I didn’t think the facelifted Tiguan could possibly command as much attention as the all-new product line, but certainly from my own eye and experience, it really did. Somehow, that sporty elegance has been improved to a point where the Tiguan has never been more desirable, not just in its own segment but certainly, its design and reputation cuts across segments both above and below. People who can’t afford it still want it and people who were considering something higher up the food chain are thinking twice. In the popular R-line spec with 20-inch Suzuka alloys, it looks fantastic.

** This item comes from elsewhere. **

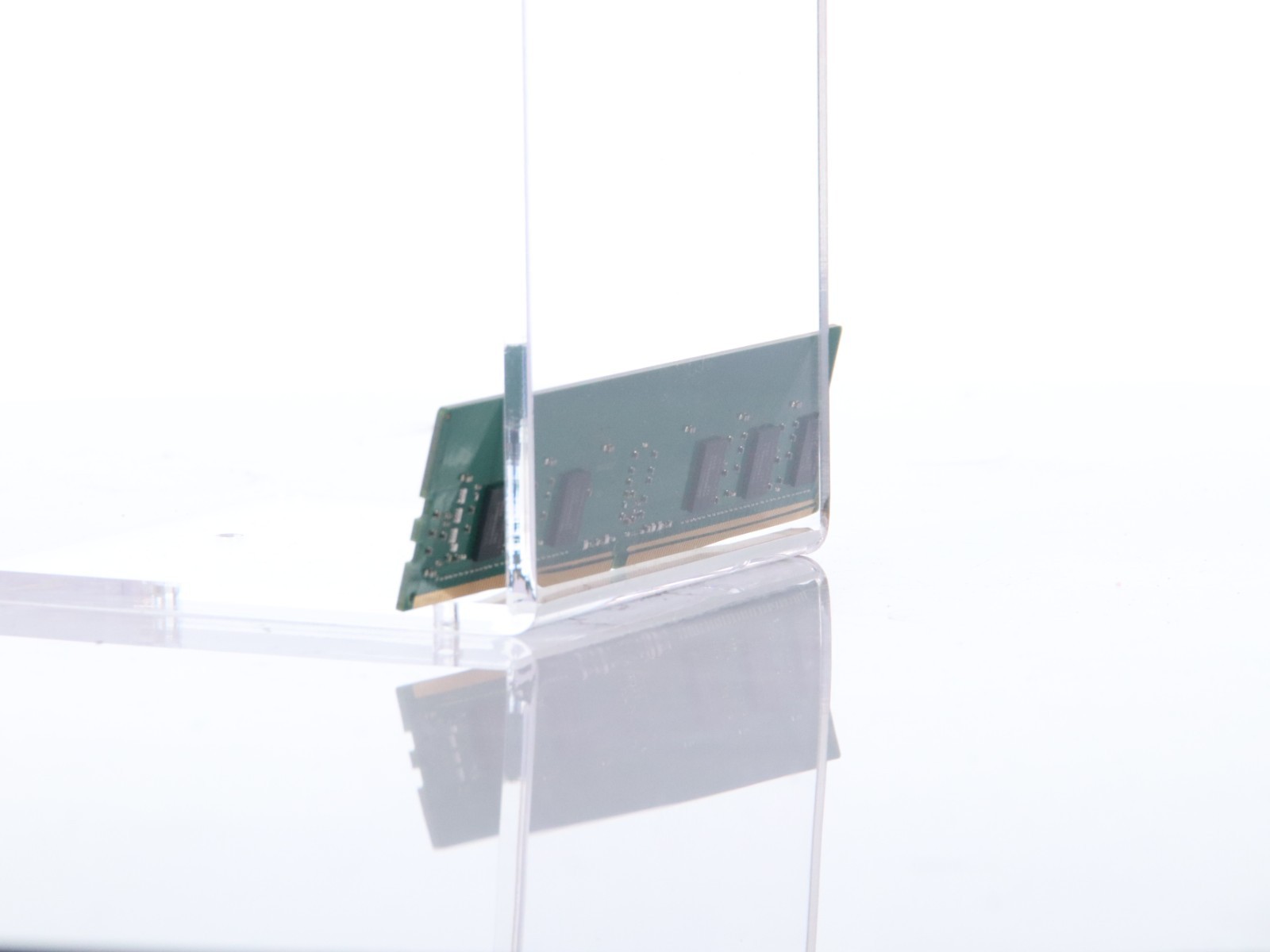 Lot of 4Hynix 8GB DDR4-2666 PC4-21300 1Rx8 ECC RDIMM Server RAM HMA81GR7AFR8N-VK - Image 5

My ultimate commendation of the Tiguan is the ease with which it can be driven. It feels like home, despite VW’s overhaul of the interior operating concept with the introduction of the Digital Cockpit. For the most part, Tiguan owners will be okay with it for its modernity and cool factor but as with a lot of this tech, operating it on the go can be tricky especially on bumpy surfaces such as gravel roads where I’m certain these cars will venture occasionally. The new Tiguan is devoid of even the climate control buttons from the pre-facelift model. I particularly have an issue with the absence of a conventional volume dial or a more usable temperature setting. The volume operation for the passenger can be frustrating at speed. At least the driver can make use of an extensively useful multi-function steering wheel. From the driver’s pew, one can control almost all the digital cockpit functions. Once you’re used to the haptic feedback and how they work, you’ll be master and commander quite quickly. The temperature and ventilation speed controls also take some getting used with a slider control that is hard to operate on the move.
Besides these frustrations, the Tiguan exudes typical Volkswagen qualities. It is well built and plays family SUV very well. The rear seats recline(slightly) for those who prefer to laze in the back and legroom and headroom too, is commendable. The boot is a generous 520-litres of which is in line with the segment. It’s not segment-leading but it’s in line with or better than quite a few competitors. The Koreans however, have that waxed.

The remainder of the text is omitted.